Prolonged Monetary Policy Tightening Could Exacerbate the Decline in Housing Prices in Advanced Economies
A more aggressive and prolonged monetary policy tightening in Canada, the United Kingdom, and the United States during 2023 and 2024 would likely have a negative impact on housing prices and on economic growth. Current market expectations are for these respective countries' central banks to significantly slow or pause their rate hike cycles in coming months. If this assumption proves incorrect and interest rates continue to move higher, this could weigh not only on investment but also on consumer confidence, which in turn could hamper housing markets this year and next. In such an adverse scenario, we project that the three economies would experience a recession this year with a slow recovery starting in mid-2024. This exercise is constructed as an adverse scenario using a set of fairly negative assumptions, but at the same time, we see some material risk of prolonged inflationary pressures (possibly combined with policy errors) that could push interest rates higher, leading to weaker economic performance and other downside risks to these and other similarly situated advanced economies.
• Higher interest rates could result in severe house price corrections in major economies.
• Canada's house prices decline would be significant this year and, with a lag, in the UK, while the impact in the US is expected to be milder.
• In all three economies, GDP growth could decline by 0.3 to 0.5 percentage points in 2023, and between 1.1 to 2.5 percentage points in 2024.

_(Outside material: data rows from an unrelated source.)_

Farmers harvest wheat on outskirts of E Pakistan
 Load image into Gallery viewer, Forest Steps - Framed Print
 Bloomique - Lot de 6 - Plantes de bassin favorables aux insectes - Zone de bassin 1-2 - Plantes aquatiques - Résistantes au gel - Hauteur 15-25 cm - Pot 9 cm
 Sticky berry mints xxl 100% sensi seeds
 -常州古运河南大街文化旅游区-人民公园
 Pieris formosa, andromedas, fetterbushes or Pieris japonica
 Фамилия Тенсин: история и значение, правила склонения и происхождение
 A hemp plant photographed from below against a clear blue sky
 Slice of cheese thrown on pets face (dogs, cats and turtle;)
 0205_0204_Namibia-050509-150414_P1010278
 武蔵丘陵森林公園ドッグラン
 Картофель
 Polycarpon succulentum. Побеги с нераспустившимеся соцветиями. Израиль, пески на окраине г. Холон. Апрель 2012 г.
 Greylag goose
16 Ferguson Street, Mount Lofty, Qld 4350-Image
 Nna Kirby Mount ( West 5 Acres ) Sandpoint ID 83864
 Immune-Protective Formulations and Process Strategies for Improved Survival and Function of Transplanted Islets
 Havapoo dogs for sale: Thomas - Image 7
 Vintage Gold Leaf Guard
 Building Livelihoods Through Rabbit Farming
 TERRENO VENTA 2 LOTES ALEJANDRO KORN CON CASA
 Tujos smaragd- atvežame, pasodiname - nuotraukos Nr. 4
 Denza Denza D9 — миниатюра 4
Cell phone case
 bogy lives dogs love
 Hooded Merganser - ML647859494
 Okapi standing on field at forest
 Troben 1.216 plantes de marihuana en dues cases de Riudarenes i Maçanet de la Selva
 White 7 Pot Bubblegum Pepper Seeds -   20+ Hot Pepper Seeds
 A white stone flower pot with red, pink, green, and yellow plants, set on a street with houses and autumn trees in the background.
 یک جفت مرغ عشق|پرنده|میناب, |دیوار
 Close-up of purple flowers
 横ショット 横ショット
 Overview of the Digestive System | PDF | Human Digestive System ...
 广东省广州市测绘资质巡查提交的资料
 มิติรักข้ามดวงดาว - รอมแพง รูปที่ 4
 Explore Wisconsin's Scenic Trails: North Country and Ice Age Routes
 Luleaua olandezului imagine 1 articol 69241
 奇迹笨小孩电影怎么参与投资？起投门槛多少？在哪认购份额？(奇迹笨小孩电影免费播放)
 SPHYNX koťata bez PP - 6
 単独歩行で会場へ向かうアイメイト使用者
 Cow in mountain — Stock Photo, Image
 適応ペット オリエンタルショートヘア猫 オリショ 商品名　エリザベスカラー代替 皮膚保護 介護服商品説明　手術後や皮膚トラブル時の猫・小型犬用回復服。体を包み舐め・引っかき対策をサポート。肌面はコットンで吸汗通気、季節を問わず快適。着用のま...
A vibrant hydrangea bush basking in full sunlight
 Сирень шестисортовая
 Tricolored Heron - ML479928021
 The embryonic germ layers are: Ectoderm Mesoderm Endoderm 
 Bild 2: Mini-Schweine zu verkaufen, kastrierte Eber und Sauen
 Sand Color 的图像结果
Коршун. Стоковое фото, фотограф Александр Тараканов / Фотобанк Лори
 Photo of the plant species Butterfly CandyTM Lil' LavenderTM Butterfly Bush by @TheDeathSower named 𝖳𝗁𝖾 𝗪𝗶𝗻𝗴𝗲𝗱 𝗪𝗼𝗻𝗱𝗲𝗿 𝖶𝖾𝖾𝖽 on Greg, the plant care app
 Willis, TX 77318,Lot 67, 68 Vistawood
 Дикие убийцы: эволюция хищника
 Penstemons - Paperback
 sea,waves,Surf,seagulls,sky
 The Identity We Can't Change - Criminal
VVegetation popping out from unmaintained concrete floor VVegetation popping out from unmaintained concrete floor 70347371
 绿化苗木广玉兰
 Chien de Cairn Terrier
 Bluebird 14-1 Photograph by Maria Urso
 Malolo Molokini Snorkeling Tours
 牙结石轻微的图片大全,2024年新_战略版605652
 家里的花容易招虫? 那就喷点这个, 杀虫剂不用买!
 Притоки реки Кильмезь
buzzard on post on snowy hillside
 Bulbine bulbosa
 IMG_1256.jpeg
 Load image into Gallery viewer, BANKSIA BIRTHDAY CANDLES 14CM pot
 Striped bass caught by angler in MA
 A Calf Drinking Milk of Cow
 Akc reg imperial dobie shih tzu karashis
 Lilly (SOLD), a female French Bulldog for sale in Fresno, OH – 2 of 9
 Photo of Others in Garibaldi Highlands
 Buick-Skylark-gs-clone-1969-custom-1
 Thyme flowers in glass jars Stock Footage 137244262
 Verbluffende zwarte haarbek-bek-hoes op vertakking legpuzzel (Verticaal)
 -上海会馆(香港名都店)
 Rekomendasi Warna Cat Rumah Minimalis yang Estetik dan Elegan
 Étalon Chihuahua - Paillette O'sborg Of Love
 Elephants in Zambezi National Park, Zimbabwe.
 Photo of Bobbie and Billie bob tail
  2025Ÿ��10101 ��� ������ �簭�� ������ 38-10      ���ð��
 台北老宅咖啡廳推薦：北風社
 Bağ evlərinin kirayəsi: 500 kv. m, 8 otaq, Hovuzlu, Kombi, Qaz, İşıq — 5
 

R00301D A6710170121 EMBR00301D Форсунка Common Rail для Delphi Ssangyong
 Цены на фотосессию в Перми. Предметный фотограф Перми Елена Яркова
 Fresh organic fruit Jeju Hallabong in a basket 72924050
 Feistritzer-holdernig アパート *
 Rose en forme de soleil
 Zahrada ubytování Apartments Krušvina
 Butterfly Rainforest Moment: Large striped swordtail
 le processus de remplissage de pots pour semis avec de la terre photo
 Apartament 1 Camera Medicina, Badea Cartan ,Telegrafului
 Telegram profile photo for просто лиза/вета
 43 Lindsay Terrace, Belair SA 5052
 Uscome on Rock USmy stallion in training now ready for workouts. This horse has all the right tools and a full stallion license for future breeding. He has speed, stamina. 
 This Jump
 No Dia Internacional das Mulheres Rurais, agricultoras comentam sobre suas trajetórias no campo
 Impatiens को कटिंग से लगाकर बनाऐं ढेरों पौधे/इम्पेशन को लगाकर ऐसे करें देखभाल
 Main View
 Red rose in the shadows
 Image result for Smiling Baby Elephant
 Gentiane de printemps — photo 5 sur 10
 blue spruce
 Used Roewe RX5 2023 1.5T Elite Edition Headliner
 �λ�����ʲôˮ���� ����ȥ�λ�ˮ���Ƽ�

“Higher interest rates and weakened consumer confidence, result in sharper housing price corrections particularly in Canada in 2023, while in the UK the impact would be more intense in 2024 and in the US, a more moderate correction,” said Javier Rouillet, Vice President, Global Sovereign Ratings at DBRS Morningstar. “Nonetheless, a significantly greater housing downturn would be necessary to jeopardize financial stability, and our modeling suggests this hypothetical scenario would at worst only undo the significant appreciation in the housing market since 2020” said Carlo Capuano, Senior Vice President, Global Sovereign Ratings.